▶ _Problem to work on_: Across the entries below, how many lines have the word "Photo" in them? Respond with only the number.

(Short descriptive text snippets)
*** Block opens ***

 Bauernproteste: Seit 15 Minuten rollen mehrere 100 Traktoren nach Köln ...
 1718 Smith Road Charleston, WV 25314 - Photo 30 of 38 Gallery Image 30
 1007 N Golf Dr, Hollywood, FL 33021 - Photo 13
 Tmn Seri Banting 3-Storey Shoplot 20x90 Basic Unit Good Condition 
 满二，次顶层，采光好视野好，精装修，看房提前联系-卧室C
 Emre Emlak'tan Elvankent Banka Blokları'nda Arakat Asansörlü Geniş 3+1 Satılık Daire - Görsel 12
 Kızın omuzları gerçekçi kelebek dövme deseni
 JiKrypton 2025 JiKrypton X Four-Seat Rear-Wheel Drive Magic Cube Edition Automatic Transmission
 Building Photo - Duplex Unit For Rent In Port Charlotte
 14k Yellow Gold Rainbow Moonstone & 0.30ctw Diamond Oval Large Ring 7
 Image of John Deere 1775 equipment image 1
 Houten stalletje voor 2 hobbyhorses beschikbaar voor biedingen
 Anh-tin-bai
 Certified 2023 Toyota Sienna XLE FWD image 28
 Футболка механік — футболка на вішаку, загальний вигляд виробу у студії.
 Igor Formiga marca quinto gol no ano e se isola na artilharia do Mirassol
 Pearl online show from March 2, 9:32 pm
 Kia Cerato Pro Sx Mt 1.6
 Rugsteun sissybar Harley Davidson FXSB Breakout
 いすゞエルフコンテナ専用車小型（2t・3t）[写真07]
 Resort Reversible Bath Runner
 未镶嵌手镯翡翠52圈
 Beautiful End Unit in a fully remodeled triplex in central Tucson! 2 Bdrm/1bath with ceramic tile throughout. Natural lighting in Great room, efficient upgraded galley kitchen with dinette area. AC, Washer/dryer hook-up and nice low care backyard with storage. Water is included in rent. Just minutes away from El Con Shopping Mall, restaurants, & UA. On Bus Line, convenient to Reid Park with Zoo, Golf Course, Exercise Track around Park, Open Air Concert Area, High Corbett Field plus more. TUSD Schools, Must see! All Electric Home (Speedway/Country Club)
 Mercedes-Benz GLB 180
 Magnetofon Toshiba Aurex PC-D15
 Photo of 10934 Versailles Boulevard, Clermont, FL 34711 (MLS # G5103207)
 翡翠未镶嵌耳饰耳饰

*** Block closes ***

▶ _Written reply_: 4